O grande feiticeiro de Tapuytapéra era homem muito respeitavel, de boa estatura e bem feito, valente guerreiro, modesto, grave, e de poucas palavras: era muito amigo dos francezes, e gozava entre os habitantes do seo paiz do mesmo poder, que Pacamão em Commã, Japy-açú em Maranhão, o Arraia-grande entre os Caietés, Thion e Farinha-molhada entre os Tabajares, rico, e de muito bons filhos, que são fieis aos francezes e christãos, como d’aqui ha pouco diremos.

Veio ao Fórte de S. Luiz seguido por perto de tresentos a quatrocentos dos seos companheiros para fazel-os trabalhar nas fortificações, e regressar á seos lares depois de acabarem seo tempo, revesando-se assim, e nunca menos de dusentos a tresentos selvagens.

Durante as horas do trabalho assentava-se elle junto aos francezes mais graduados, ahi vigiava a sua gente, animava-a, e recommendava-lhe perfeição de obra.

Fui vêl-o n’essa lida, desculpou-se muito para commigo, por intermedio do seo interprete, por não me ter vindo vêr logo que chegou a Ilha, por estas palavras:

«Não te fui procurar, embora tivesse muito que conversar comtigo, porem deve ser com descanço.

«Agora é preciso vigiar minha gente no trabalho, afim de se empregar com animo na fortificação d’esta praça.

«Não deixarei de te ir vêr com Migan, que está aqui para te fazer sabedor do que eu digo, contando-me tambem as maravilhas, que ensinas aos nossos similhantes.»
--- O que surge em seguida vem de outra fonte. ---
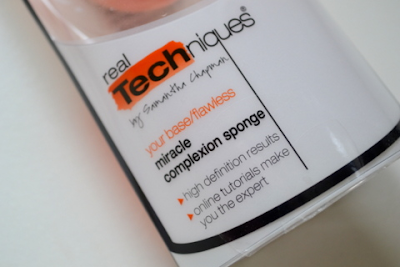 Real Techniques Miracle Complexion Sponge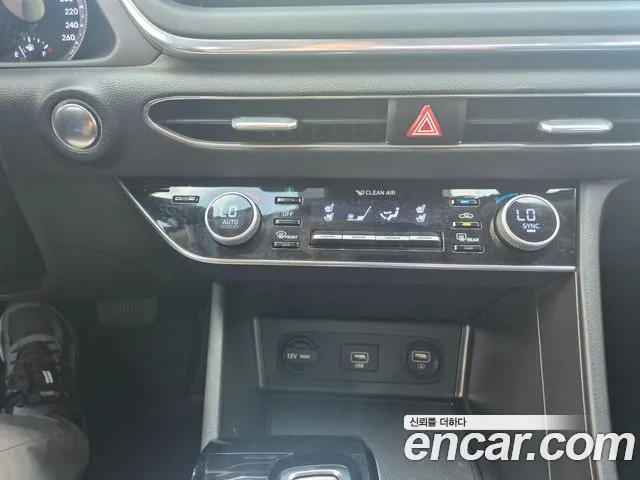 Hyundai Sonata DN8 — Фото автомобиля 15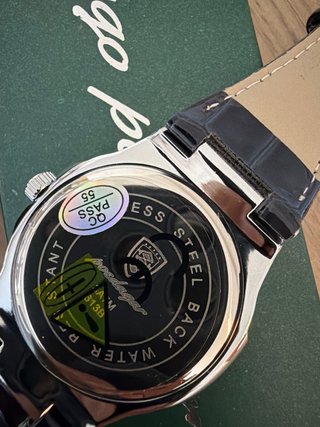 Reloj Hugo Poedagar Nuevo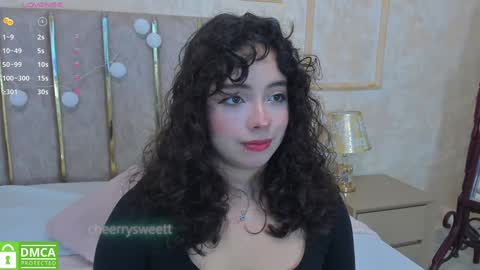 Baby Cherry online show from January 3, 11:57 am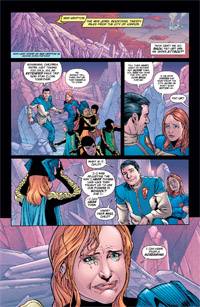 Read Supergirl (2005-2011)  66 Page 2 in English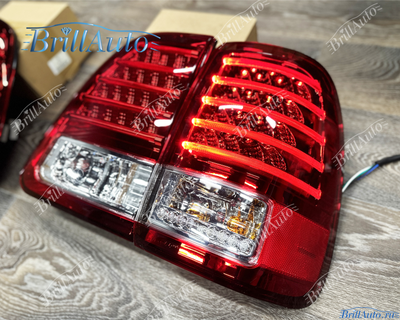 Стопы Toyota Land Cruiser 100 стиль Лексус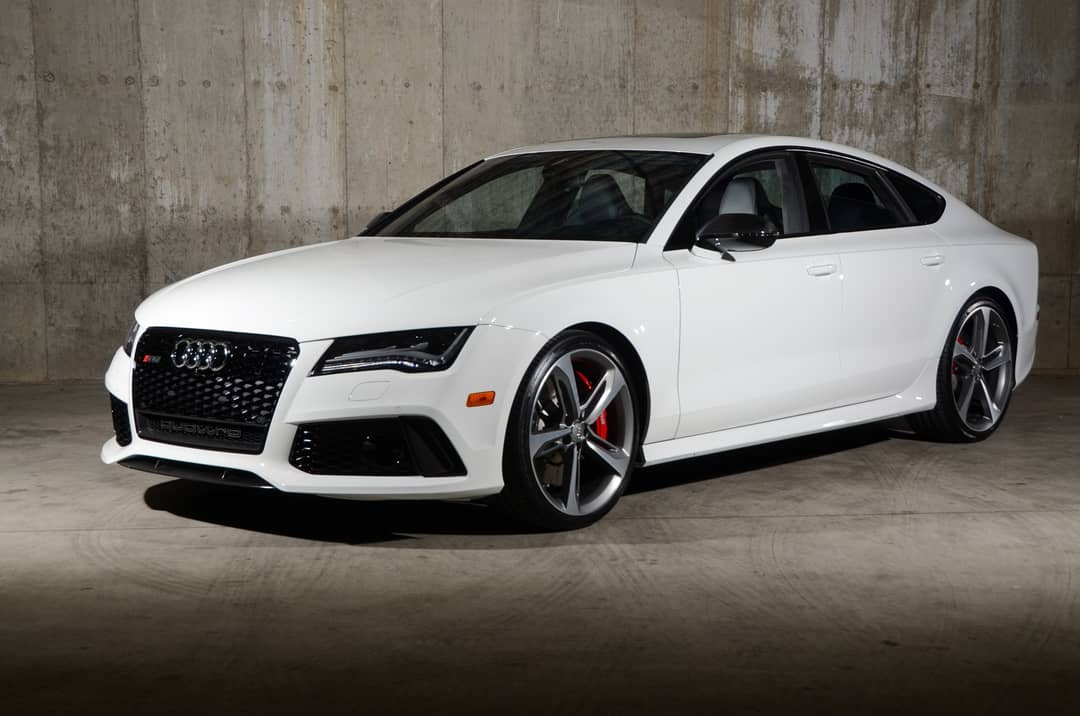 2014 Audi RS 7 4.0T quattro Prestige — photo 8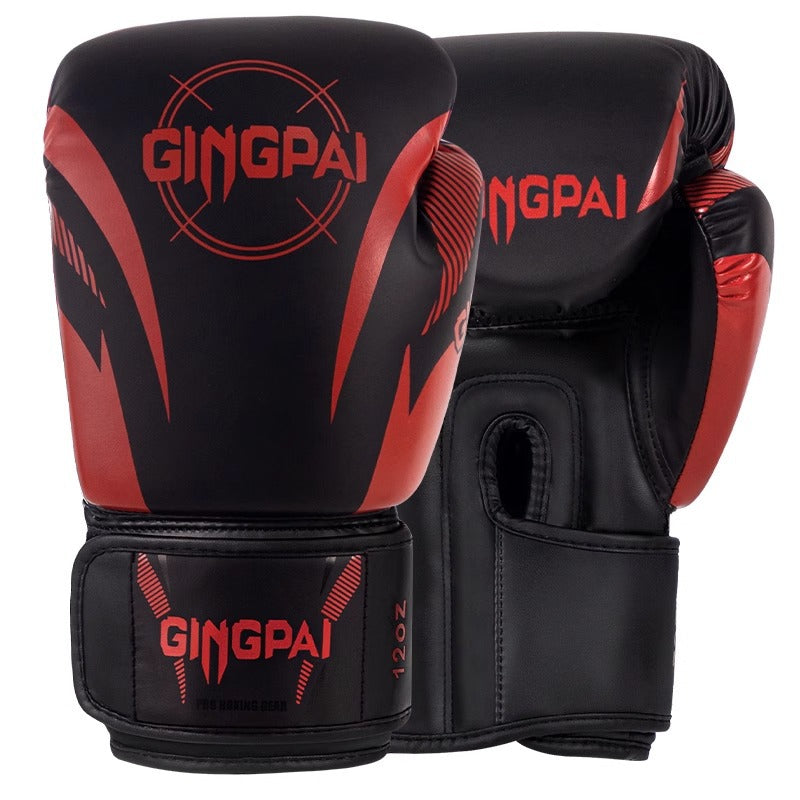 Professional Boxing Gloves – Competition Grade with Three-Layer Composite Liner | 6oz to 12oz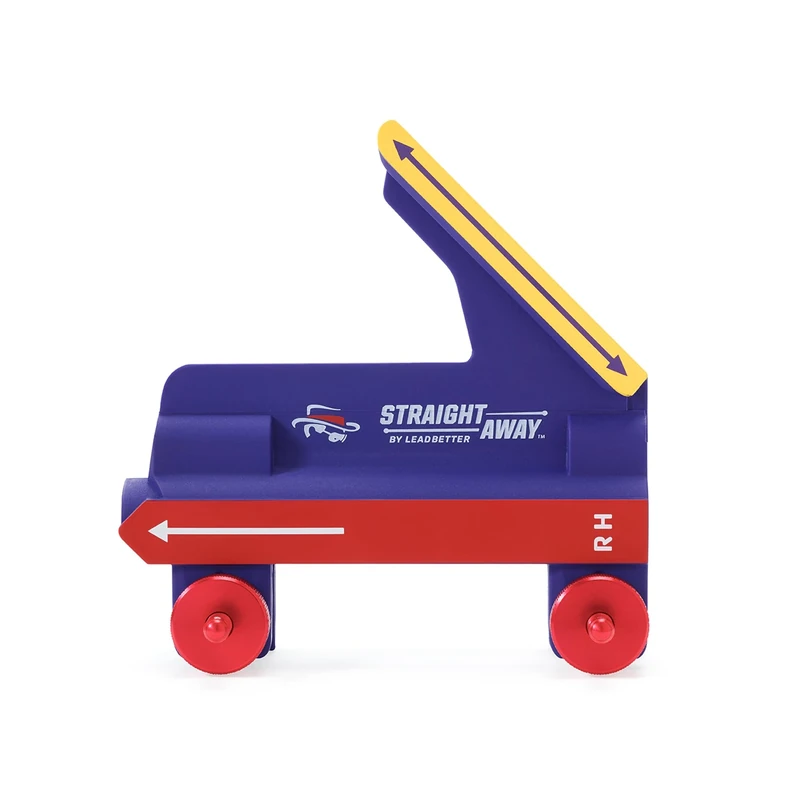 Performance Golf StraightAway Swing Trainer - Improve Your Golf Game I Precision Confidence I Consistency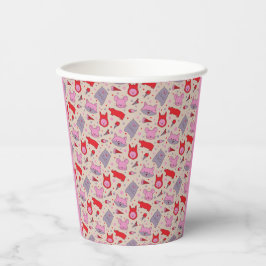 Vaso de fiesta Scoops & Snoots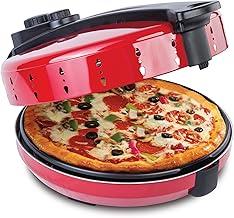 Forno Pizza, Vermelho, 220v, Hamilton Beach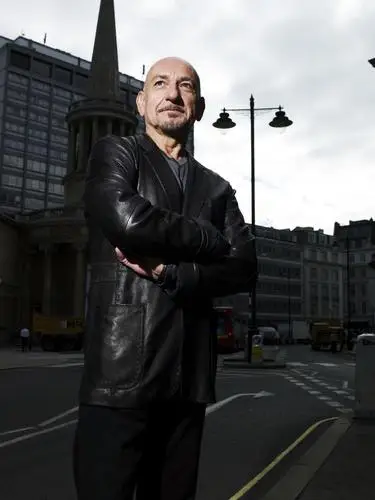 Ben Kingsley Wall Poster picture 912198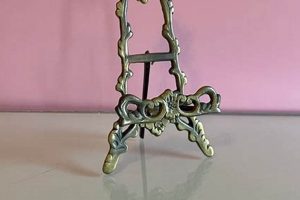 Display: Timeless Vintage Brass Easel Stands & More Safem Fabrication - Precision Engineering & Custom Manufacturing Solutions Display: Timeless Vintage Brass Easel Stands & More | Safem Fabrication - Precision Engineering & Custom Manufacturing Solutions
Respondi-lhe, que achava isto bom, e que estava contente vendo-o assiduo no trabalho para que fóssem bem feitas as trincheiras e fóssos afim de resistirem a seos inimigos, e que depois si nos offerecia occasião de conferenciarmos: que era só isto, que eu desejava, que nós todos o estimavamos e muito, tanto por sua bondade natural como porque elle era amigo dos francezes, e sempre fiel.

Assentamos-nos depois um em frente do outro, conversamos sobre muitas coisas indifferentes, especialmente do enthusiasmo de sua gente, e particularmente das crianças, que carregavam terra, o que causava a elle e á nós muita satisfação, fazendo-me dizer e a proposito, que bem razão lhes assistia n’esse trabalho, cheio de fervor e de coragem, pois era para elles, que se lidava, visto que um dia veriam as maravilhas feitas pelos francezes n’esta terra.

«Serão bem differentes do que somos, dizia elle, porque serão Caraibas, andarão vestidos, e verão as Igrejas de Deos construidas de pedra.»

Confirmei em minha resposta a felicidade de seos filhos no futuro, assegurando-lhes, que d’ella tambem gozariam porque não haveria muita demora na vinda de soccorros e navios de França trazendo muitos Padres, muitos francezes guerreiros, muita ferramenta e generos para elles: que então se construiriam casas á maneira dos francezes, que seriam acompanhados por elles quando fossem guerrear seos inimigos, que viriam os Tupinambás e os outros alliados cultivar a terra da Ilha, e que tudo isto poderiam vêr antes de morrerem.

Ditas estas palavras despedi-me d’elle, e regressei á minha habitação.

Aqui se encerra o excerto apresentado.